Monitoring lain seperti
:
·
Monitoring terhadap janin Ny. FS,
apakah ada efek yang ditimbulkan setelah pemberian obat pada Ny. FS.
·
Monitoring berat badan Ny. FS karena dapat sebagai
parameter perkembangan janin dalam kandungan.
·
Memantau kondisi
kehamilan/janin pada trisemester I, II, III, seperti melalui test USG
(ultrasonografi).
KOMUNIKASI,
INFORMASI DAN EDUKASI
Pada
kasus ini komunikasi, informasi dan edukasi yang dapat disampaikan kepada
pasien adalah mengenai cara konsumsi obat secara teratur agar obat yang
digunakan dapat memberikan efek terapi secara optimal dan mengenai aturan pakai
serta memberikan saran terapi non farmakologi yang dapat dilakukan pasien.
Pada
kasus ini, pasien mengalami ISK (Infeksi Saluran Kemih) dan saran yang perlu
disampaikan adalah dapat menjaga kebersihan vagina tiap kali buang air kecil dengan cara
dari depan ke belakang (mencegah bakteri dari anus masuk ke vagina atau uretra),
tidak menahan buang air kecil bila ingin buang air kecil,
menghindari faktor-faktor yang dapat memperburuk ISK, minum air putih lebih
banyak minimal 2 liter sehari (untuk menstimulasi diuresis sehingga kuman tidak
memiliki kesempatan untuk memperbanyak diri dalam kandung kemih), memeriksakan kandungan pada dokter spesialis kandungan
untuk mengetahui perkembangan janin karena
trimester awal sangat rentan, istirahat yang cukup, dan olahraga yang cukup
seperti jalan-jalan di pagi hari serta minum dengan teratur untuk terapi
farmakologinya yakni Primadex Forte 1x sehari selama 3 hari.
Untuk
mengatasi mual muntah pada masa kehamilan terapi
non farmakologi yang perlu dilakukan diantaranya adalah:
ü
Minum air yang hangat,
seperti jahe (Sebuah studi yang dipublikasikan oleh American Journal of
Obstetrics and Gynecology menemukan bahwa jahe sangat membantu mengurangi
morning sickness)
ü
Istirahat yang cukup
ü
Menghirup minyak aroama
terapi (fresh care) untuk mengurangi mual
ü
Mengkonsumsi suplemen atau
nutrisi (Folamil 1x sehari ) dan mengkonsumsi buah yang mengandung banyak air
dan dingin, misal melon, anggur, smoothies, jeruk, atau mentimun
ü
Makan dalam jumlah
sedikit namun sering, terutama makan makanan yang tinggi akan kandungan
karbohidrat dan protein serta buah-buahan dan makanan yang berisi B6, seperti
kuning telur, yogurt, dan whole grain
ü Hindari makanan yang berlemak, berminyak dan pedas yang akan
memperburuk rasa mual
ü Bila terapi non farmakologi belum dapat mengurangi intensitas mual
dan muntah dapat diberikan Vitamin B6 yang
pemakaiannya bila perlu saja, dan
ü Obat
Mual muntah dapat dihentikan bila mual muntah sudah tidak dirasakan atau
berkurang.
C.
EVALUASI
OBAT TERPILIH
·
PRIMADEX FORTE
Primadex Forte mengandung kotrimoksazol (Trimetropim-Sulfametoksazol)

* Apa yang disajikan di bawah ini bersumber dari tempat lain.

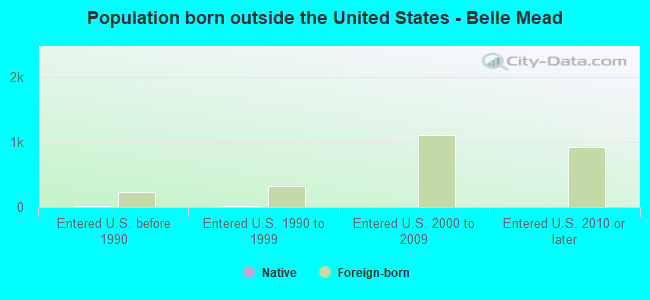 Population born outside the United States - Belle Mead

dimana Sulfametoksazol dan trimetoprim digunakan dalam bentuk kombinasi karena
sifat sinergisnya. Kombinasi keduanya menghasilkan inhibisi enzim berurutan
pada jalur asam folat. Mekanisme kerja sulfametoksazol dengan mengganggu
sintesa asam folat bakteri dan pertumbuhan lewat penghambat pembentukan asam dihidrofolat
dari asam para-aminobenzoat. Dan mekanisme kerja trimetoprim adalah menghambat
reduksi asam dihidrofolat menjadi
tetrahidrofolat .
·
KOTRIMOKSAZOL
Trimetoprim dan sulfametoksazol menghambat reaksi
enzimatik obligat pada dua tahap yang berurutan pada mikroba, sehingga
kombinasi kedua obat memberikan efek sinergi. Penemuan sediaan kombinasi ini
merupakan kemajuan penting dalam uasaha meningkatkan efektivitas klinik antimikroba.
Kombinasi ini lebih dikenal dengan kotrimoksazol.
EFEK TERHADAP MIKROBA
Spectrum
Antibakteri. Spectrum
antibakteri trimetoprim sama dengan sulfametoksazol, meskipun daya
antibakterinya 20-100 kali lebih kuat daripada sulfametoksazol. Mikroba yang peka terhadap kombinasi
trimetoprim-sulfametoksazol ialah ; S.
pneumoniae, C. diphtheria, dan N meningitis, 50-59 % strain S. aureus, S.
epidermidis, S. pyogenes, S. viridians, S. faecalis, E. coli, P. mirabilis, P.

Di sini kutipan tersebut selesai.